House Nixes Bill To Fight Crimes By Polygamists

Salt Lake Tribune, Jan 28, 2000
By Dan Harrie

SALT LAKE CITY, UTAH-The Utah State House debated a proposed anti-polygamy law on Thursday before rejecting it, saying that the bill singles out polygamists. Legislators said that the state of Utah shouldn't discriminate against polygamists.

Representative Ron Bigelow, R-West Valley City, sponsored the legislation, which would have provided the Utah Attorney General's office with $200,000 to fight crimes common among polygamous groups, including incest, sexual abuse, welfare and tax fraud and failure to pay child support. The bill would also have provided for a special prosecutor to fight these crimes. But most Utah legislators were uncomfortable with the legislation, saying that it singled out polygamists. "I don't agree with (the polygamist) lifestyle," said Rep. Marlon Snow, R-Orem. Snow says he has employed 60-70 polygamists in his construction firm, and found them trustworthy. "They never ask for anything," he said.

But sponsor Bigelow tried to distance his bill from its image as an attack on polygamy, "This is not about prosecuting polygamy," he said. He said that some people in polygamist communities are particularly vulnerable, and the Attorney General doesn't have the resources to help them. He said the bill could be used in other cases where there is a tendency to abuse children and commit welfare fraud. But Bigelow admits he doesn't know of other groups that do this.
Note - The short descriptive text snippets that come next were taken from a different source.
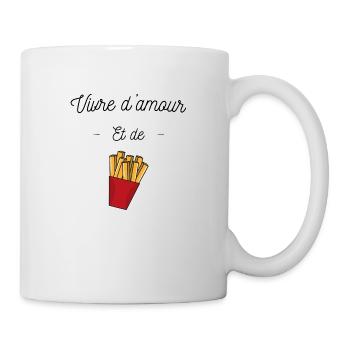 Vivre d'amour et de frites, citation humour - Mug blanc - blanc - Droite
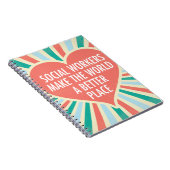 Inspiration Social Work Zitat Herz Retro Farben Notizblock (Rechte Seite)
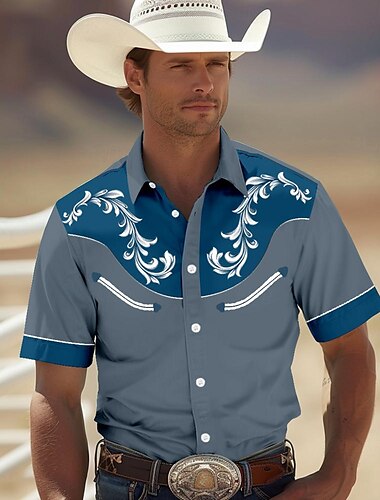  Herren Hemd Westernhemd Cowboy-Shirt Kurzarm westlicher Stil Stamm Sommer Frühling Hemdkragen Gelb Grün Khaki Dunkelblau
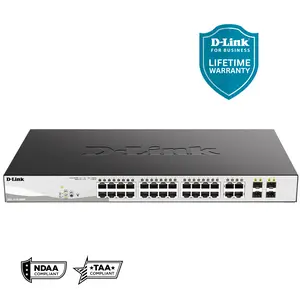 D-Link 28-Port Gigabit Smart Managed PoE+ Switch (DGS-1210-28MP), 24 PoE+ Ports (370W) + 4 Combo SFP Ports, L3 Lite, Follows NDAA/ TAA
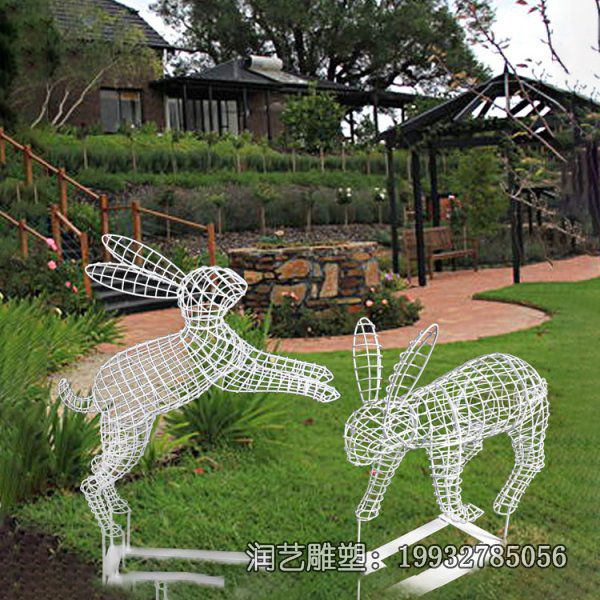 城市动物不锈钢兔子雕塑 城市动物不锈钢兔子雕塑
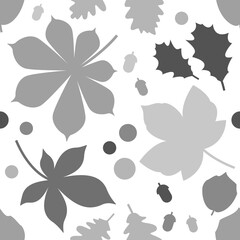 Seamless pattern with fall leaves 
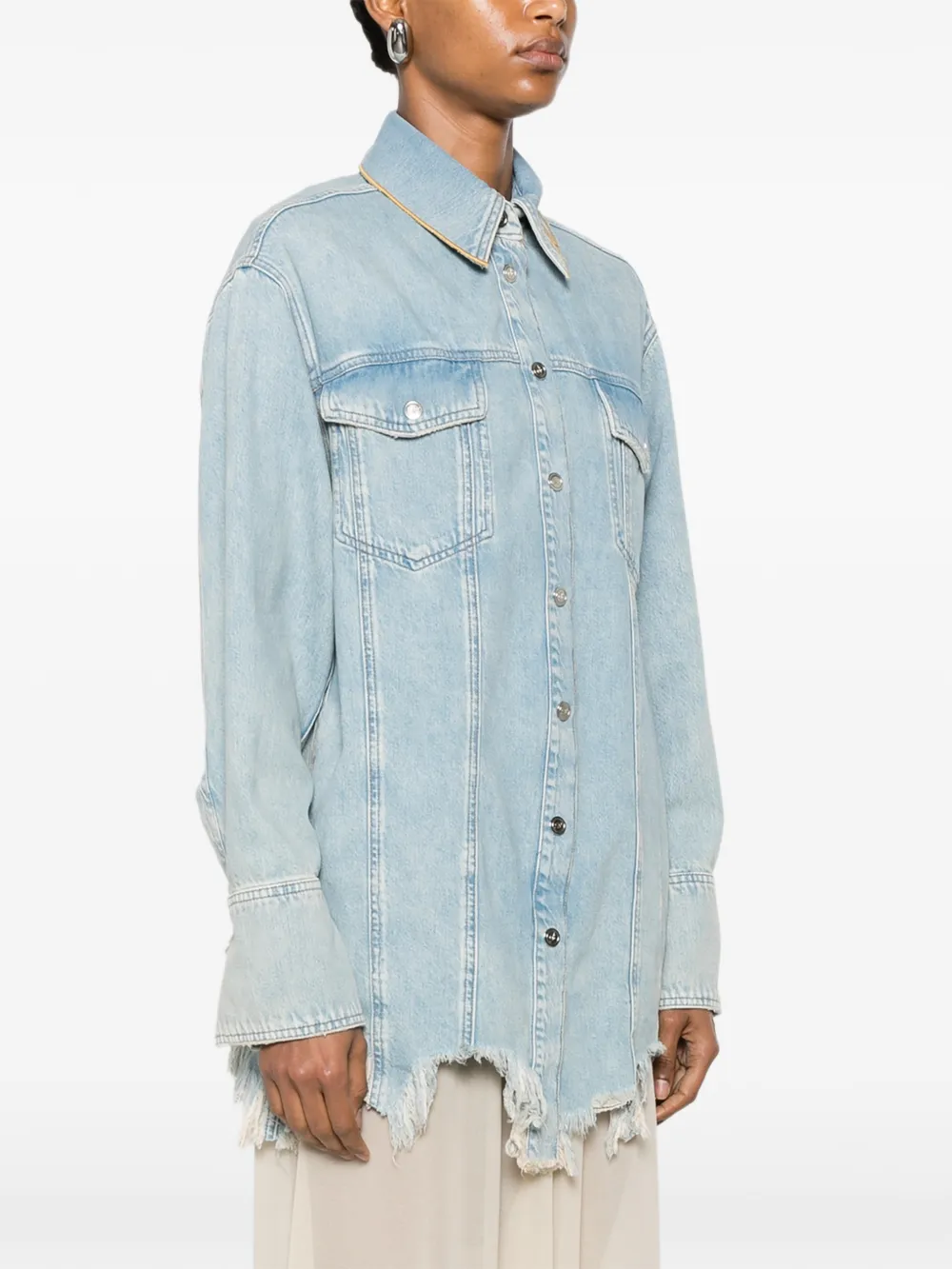 Blumarine Blouse met geborduurd logo en franje afwerking Blauw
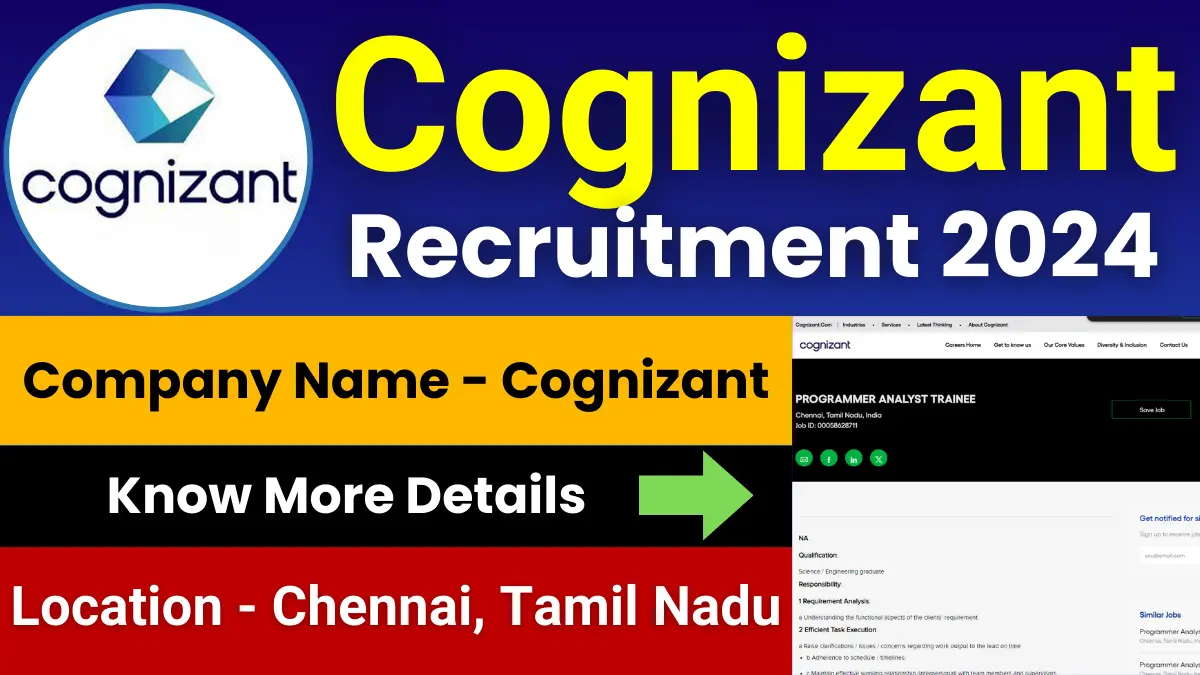 Cognizant Programmer Analyst Trainee Jobs 2024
The issue came to light in early 1998 with the arrest of David Ortel Kingston, who was found guilty in June of two charges of incest with his niece. Kingston was married to the 16-year-old girl under the polygamous Kingston clan's customs. The girl's father (and David Kingston's brother) plead no-contest to third-degree felony child abuse for belt-whipping the girl when she fled her 'marriage.'

But legislators hesitate because of the black-eye polygamy prosecution received in the 1950s because of the infamous 'Short Creek Raid.' In the raid, Utah and Arizona lawmen descended on the Short Creek community that straddled the Utah-Arizona border, arresting nearly all men in t he community and putting all the children into the Arizona foster care system. The raid received widespread criticism for breaking up families.